Read and Write bits are kept per-transaction.

gsamp commented on Transactional Memory 2, Slide 19

@narwhale, I think this is the case. Global = "what does everyone else think the version of this object is?" Local = "what is the state this object was when I first opened it for read/write?" And then when committing, "do these two agree?"

gsamp commented on Transactional Memory 2, Slide 18

@narwhale, I think so, but this does not have to do with it being eager or lazy. Eager or lazy has to do with how the system resets the state when it needs to restart the transaction. Eager, writes to memory, saving the old value in a log. Lazy, writes to a write buffer, which is committed in the end (or not).

gsamp commented on Transactional Memory, Slide 60

@martigp and @apappu, we stall because we wanted to run a read operation followed by a write (we wait until the write is done and then read the updated value).

The contract here is that we think about programs in a declarative, mathematical way, and the DSL (e.g. GraphLab) takes care of the rest.

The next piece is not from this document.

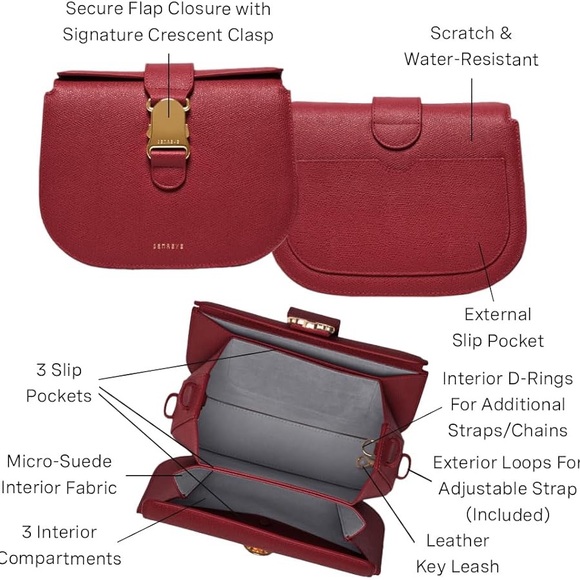NWT Senreve Cadence Crossbody Italian Pebbled Leather Merlot Burgundy Red Gold - Picture 16 of 16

In some sense, we would think in logic and math (e.g. latex), not code.

DSLs invent language so that we may do what we do best as humans.

I am thinking about it as "Abstractions with gears." Imagining compute blended into the edges of these abstractions (and also within them).

chenyecharchar commented on Programming for Hardware Specialization, Slide 9

Typically in specialized hardware, there is no threading. (So no atomicity, barriers and etc)

whats the difference between an embedded DSL and some library package?

(Sorry, I meant *Chisel for the edge TPU…)

What does it take to get a language like Spatial actually used in practice, at places like Google (E.g. for the edge TPU)?